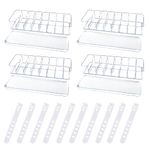 4pcs Clear Cable Management Box, Cord Organizer Box with 40 Cable Ties Clear Charger Cord Organizer with Lid Power Cord Storage Case for Office Home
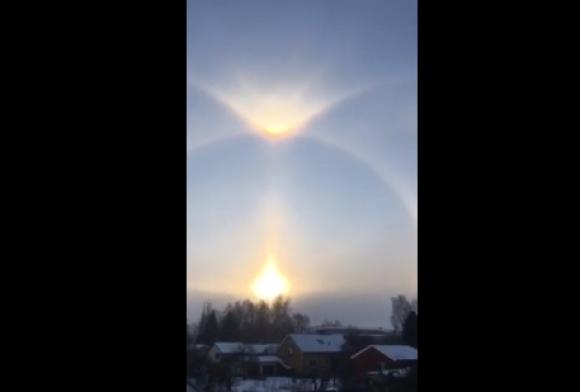 Четыре солнца и радугу наблюдали в Алтайском крае в Рождество (видео)
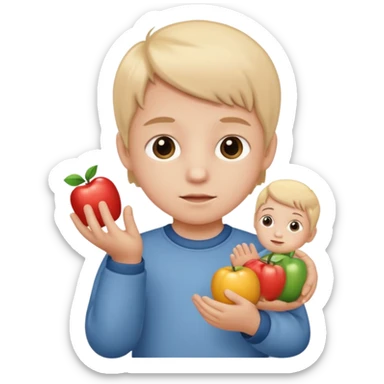 A Lil kid holding 6 7 on sticker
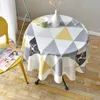 Nordic Geometric Polyester Waterproof Round Tablecloth Kitchen Tablecloths Dining Table Cloth Home Table Cover For Parties LJ201223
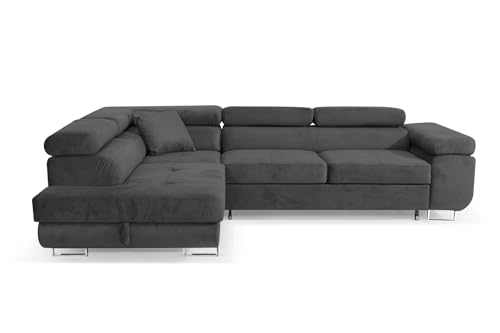Ecksofa Aller L-Form mit Schlaffunktion und Bettkasten in Jasmine, Links Ottomane (Dunkelgrau)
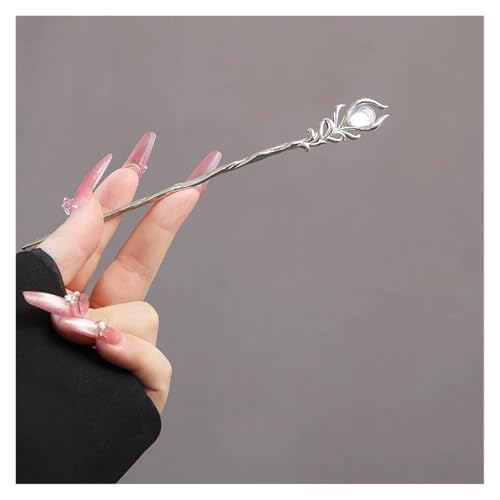 Haarstab 2 Stück Mondstein Damen Legierung Haarnadel mit antikem Stil Schmetterling Schwanz Metall Mode Kopfbedeckung(Style D) von GHHZML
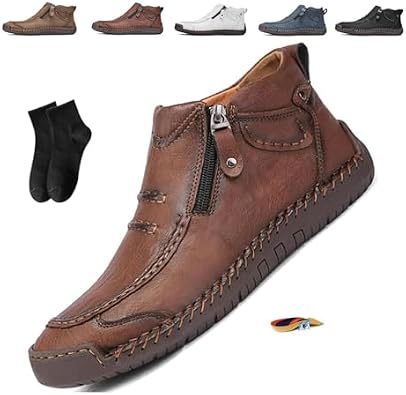 Mens Slip-On Orthopedic Leather Boots,Mens Handmade Premium Leather Slip-On Driving Boots,Men Side Zipper Orthopedic Shoes for Driving Hiking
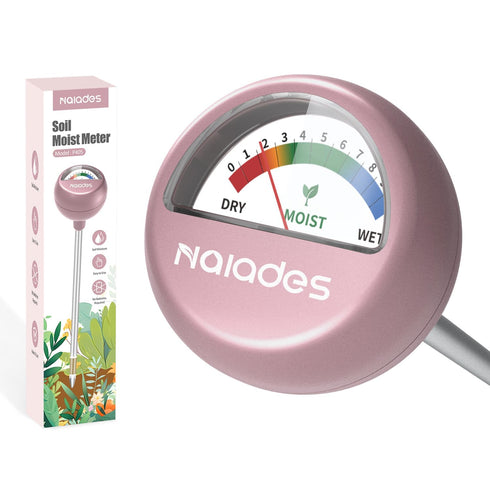 Soil Moisture Meter, Naiades Rose Gold Plant Hygrometer Sensor Water Monitor for Farming Gardening Indoor Outdoor Plants (No Batteries Needed)...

==*==

▶ _Work to complete_
Copy out all of the material exactly as written, without its pictures.

▶ _Response below_
 4pcs Clear Cable Management Box, Cord Organizer Box with 40 Cable Ties Clear Charger Cord Organizer with Lid Power Cord Storage Case for Office Home
 Четыре солнца и радугу наблюдали в Алтайском крае в Рождество (видео)
 A Lil kid holding 6 7 on sticker
 Nordic Geometric Polyester Waterproof Round Tablecloth Kitchen Tablecloths Dining Table Cloth Home Table Cover For Parties LJ201223
Ecksofa Aller L-Form mit Schlaffunktion und Bettkasten in Jasmine, Links Ottomane (Dunkelgrau)
 Haarstab 2 Stück Mondstein Damen Legierung Haarnadel mit antikem Stil Schmetterling Schwanz Metall Mode Kopfbedeckung(Style D) von GHHZML
 Mens Slip-On Orthopedic Leather Boots,Mens Handmade Premium Leather Slip-On Driving Boots,Men Side Zipper Orthopedic Shoes for Driving Hiking
 Soil Moisture Meter, Naiades Rose Gold Plant Hygrometer Sensor Water Monitor for Farming Gardening Indoor Outdoor Plants (No Batteries Needed)...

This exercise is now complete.